DATA.
..............................

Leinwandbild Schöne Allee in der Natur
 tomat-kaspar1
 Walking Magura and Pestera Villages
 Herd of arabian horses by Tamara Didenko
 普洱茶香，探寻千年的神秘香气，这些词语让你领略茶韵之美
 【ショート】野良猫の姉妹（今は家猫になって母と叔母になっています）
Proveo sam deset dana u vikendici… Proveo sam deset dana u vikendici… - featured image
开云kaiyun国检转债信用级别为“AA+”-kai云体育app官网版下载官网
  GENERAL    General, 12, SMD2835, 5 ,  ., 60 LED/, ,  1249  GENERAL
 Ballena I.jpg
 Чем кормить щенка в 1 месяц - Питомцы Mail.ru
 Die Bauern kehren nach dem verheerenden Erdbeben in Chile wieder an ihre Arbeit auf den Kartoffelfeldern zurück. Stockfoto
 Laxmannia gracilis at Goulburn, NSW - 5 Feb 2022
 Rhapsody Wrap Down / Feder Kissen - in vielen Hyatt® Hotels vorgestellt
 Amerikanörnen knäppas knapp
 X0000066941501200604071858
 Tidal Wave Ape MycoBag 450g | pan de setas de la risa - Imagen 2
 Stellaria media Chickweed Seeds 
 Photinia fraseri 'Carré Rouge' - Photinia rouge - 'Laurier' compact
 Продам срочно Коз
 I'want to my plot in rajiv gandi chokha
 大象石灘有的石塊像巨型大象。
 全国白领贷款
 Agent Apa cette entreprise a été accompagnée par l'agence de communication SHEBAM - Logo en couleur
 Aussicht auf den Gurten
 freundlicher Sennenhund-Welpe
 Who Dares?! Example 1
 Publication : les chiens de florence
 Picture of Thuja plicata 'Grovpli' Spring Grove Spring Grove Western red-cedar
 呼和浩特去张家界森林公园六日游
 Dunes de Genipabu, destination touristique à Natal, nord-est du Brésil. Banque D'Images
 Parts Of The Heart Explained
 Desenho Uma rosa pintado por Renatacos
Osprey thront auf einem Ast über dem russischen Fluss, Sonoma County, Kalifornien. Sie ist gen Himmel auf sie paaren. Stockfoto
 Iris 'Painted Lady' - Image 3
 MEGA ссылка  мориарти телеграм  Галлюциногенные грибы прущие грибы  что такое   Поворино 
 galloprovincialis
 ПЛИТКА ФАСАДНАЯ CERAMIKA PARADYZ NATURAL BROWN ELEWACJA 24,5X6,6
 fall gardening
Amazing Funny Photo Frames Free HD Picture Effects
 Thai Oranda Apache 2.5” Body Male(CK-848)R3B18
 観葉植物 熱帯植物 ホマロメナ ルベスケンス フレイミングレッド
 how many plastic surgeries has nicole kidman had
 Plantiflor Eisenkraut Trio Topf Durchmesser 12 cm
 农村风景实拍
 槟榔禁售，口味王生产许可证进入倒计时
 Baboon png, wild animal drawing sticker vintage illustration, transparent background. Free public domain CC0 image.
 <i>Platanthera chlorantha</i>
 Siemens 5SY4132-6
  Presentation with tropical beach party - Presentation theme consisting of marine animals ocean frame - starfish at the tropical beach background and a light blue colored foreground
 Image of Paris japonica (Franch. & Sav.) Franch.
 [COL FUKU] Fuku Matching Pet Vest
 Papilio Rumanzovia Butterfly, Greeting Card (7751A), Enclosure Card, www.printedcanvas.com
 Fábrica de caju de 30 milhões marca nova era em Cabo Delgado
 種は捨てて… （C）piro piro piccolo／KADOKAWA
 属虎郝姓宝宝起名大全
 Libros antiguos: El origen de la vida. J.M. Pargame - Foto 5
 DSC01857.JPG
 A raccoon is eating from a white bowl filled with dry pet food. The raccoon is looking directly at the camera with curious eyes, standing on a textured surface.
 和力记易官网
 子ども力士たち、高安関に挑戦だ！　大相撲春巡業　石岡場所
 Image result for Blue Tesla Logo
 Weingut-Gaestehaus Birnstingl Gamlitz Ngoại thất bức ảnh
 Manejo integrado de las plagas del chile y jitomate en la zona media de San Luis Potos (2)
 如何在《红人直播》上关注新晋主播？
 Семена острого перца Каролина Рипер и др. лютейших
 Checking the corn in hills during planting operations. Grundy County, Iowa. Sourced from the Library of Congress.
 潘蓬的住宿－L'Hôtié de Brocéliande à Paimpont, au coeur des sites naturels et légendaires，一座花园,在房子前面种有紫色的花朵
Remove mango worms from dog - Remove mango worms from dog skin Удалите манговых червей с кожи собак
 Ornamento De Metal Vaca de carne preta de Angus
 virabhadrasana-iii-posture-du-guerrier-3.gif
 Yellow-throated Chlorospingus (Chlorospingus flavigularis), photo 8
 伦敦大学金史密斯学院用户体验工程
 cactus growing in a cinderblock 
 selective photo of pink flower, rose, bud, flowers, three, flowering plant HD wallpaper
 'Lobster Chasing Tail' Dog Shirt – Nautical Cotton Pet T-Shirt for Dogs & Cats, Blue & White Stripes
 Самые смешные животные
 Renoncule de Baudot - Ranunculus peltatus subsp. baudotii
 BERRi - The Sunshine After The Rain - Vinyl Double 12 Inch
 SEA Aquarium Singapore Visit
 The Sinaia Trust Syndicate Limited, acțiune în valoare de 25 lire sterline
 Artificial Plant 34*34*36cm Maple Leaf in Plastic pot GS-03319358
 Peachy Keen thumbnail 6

..............................

TASK DIRECTIONS. Report each line of the data that includes the string "from".

RESULT FOR THIS EXERCISE.
 A raccoon is eating from a white bowl filled with dry pet food. The raccoon is looking directly at the camera with curious eyes, standing on a textured surface.
 Checking the corn in hills during planting operations. Grundy County, Iowa. Sourced from the Library of Congress.
Remove mango worms from dog - Remove mango worms from dog skin Удалите манговых червей с кожи собак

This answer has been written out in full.